One of the most memorable scenes in the King Corn documentary is an interview with Earl Butts, the former head of the USDA, who decades ago created the policy of overplanting farmlands. His big idea was that creating cheap food would leave Americans more money with which to buy stuff. Like what, Earl? Insulin? Syringes? Prostheses?
Butts himself had the good fortune of growing up on a family farm and not a ghetto where the cheap food and drink choices in the neighborhood store all contain corn syrup.
I don’t eat cheap food, which means I must have less to spend on stuff. This seems to work out fine for me, despite what the likes of Butts imagine to be core American values. I don’t want more stuff. I want more social justice, beginning with real food for all social classes. I spent a summer week in Iowa once, where corn is king. I was dazzled by the tall corn and terrified by the social conformity in which men worked and women kept house. To the Toto in my mind I whispered, “We’re not in the Bay Area anymore!” The Iowa I experienced 15 years ago was nearly the same Iowa depicted in King Corn . The fact that almost every person who appears in the documentary is a male didn’t surprise me a bit.

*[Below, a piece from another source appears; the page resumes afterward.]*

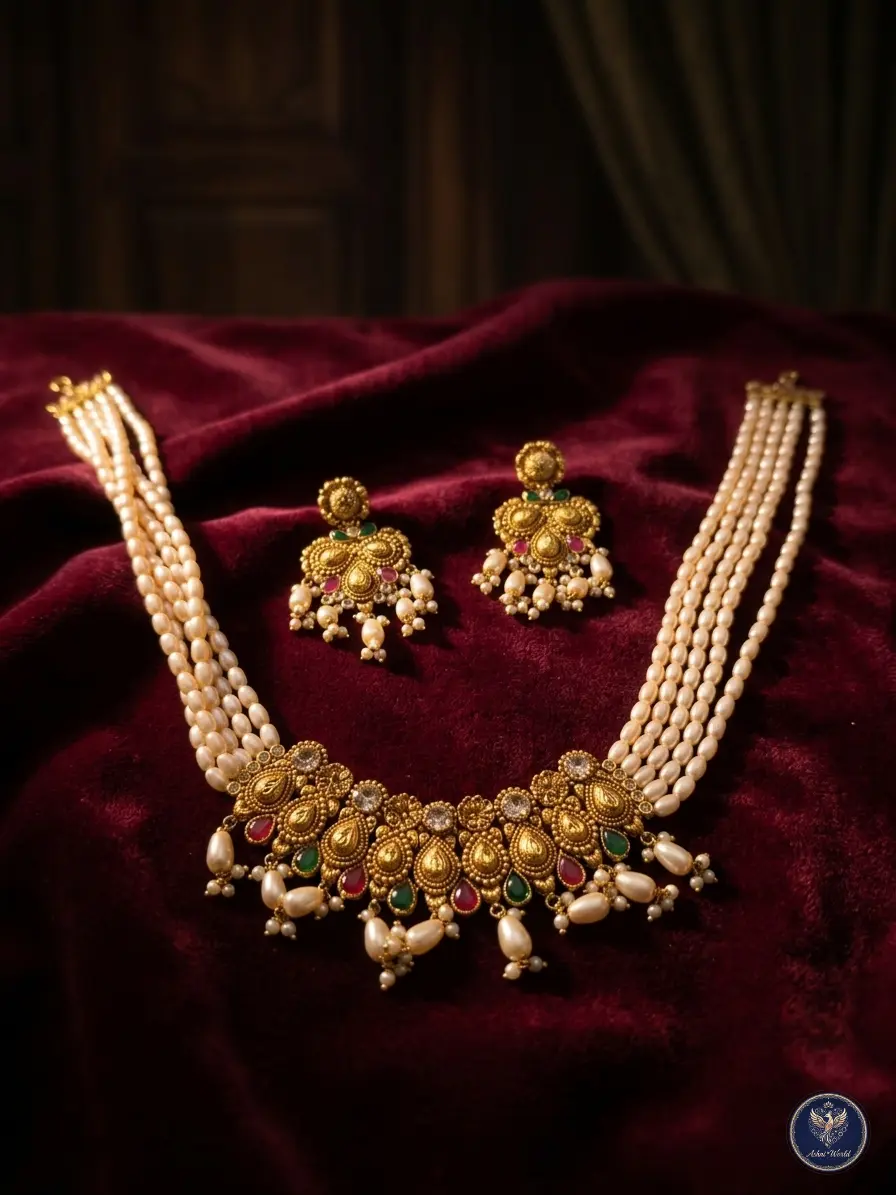 Handcrafted Pearl & Antique Gold Necklace Set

But what really does surprise me is a hopeful bit of Midwest news. The women who’ve inherited farms—about 20 percent of Iowa farmland, according to a report by the Christian Science Monitor —are beginning to speak up against agribusiness practices on their land, which is largely leased to men. The women landowners want things done differently. They see land in context of long-range stewardship, in complex terms. Hurray for those women! They are being ignored, not only because they are women in the corn belt, but because what they want for the land opposes state and federal policies. So I am speaking out with them: The way we are abusing American farmland, and the sick cows and corn sweeteners we are subsidizing, is an assault on our own people.
We need to stop the USDA’s secret war.